Unerheblich ist ebenfalls, dass die hier angefochtene Entscheidung erst im Jahr 2005
und damit im zeitlichen Geltungsbereich des SGB XII ergangen ist. Der Beklagte kann
für zurückliegende Bewilligungszeiträume nur nach den Vorschriften des BSHG über
einen Kostenbeitrag des Klägers entscheiden, da die Vorschriften des SGB XII für diese
Zeit noch nicht galten. Wenn aber der Kläger - wie geschehen - ab dem 01.11.2004 zu
den Kosten herangezogen wird, dann müssen ihm auch alle Vergünstigungen, die mit
dem Kostenbeitrag nach den Vorschriften des BSHG - hier der Zusatzbarbetrag nach §
21 Abs 3 Satz 4 BSHG - gewährt werden.
Die Voraussetzungen für die Bewilligung des Zusatzbarbetrages nach dieser Vorschrift
lagen vor. Nach § 21 Abs 3 Satz 4 BSHG erhält ein Hilfeempfänger, der einen Teil der
Kosten des Aufenthalts in der Einrichtung selbst trägt, einen zusätzlichen Barbetrag iHv
5 vom Hundert seines Einkommens, höchsten jedoch iHv 15 vom Hundert des
Regelsatzes eines Haushaltsvorstandes.
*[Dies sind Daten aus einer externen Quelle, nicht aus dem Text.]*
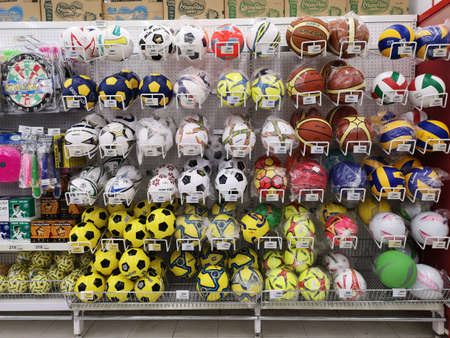 CHIANG RAI, THAILAND - NOVEMBER 20 : balls or sport equipment sold on supermarket stand or shelf on November 20, 2019 in Chiang Rai, Thailand.のeditorial素材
Ausweislich des Bescheides des Beklagten
vom 25.05.2005 ist der Kläger nicht erst ab Bewilligung der laufenden Rentenzahlung
zu einem Kostenbeitrag herangezogen worden - was unter Umständen möglich
gewesen wäre, wenn der Beklagte konsequent auf den Zufluss der Leistung abgestellt
hätte - , sondern ab dem 01.11.2004.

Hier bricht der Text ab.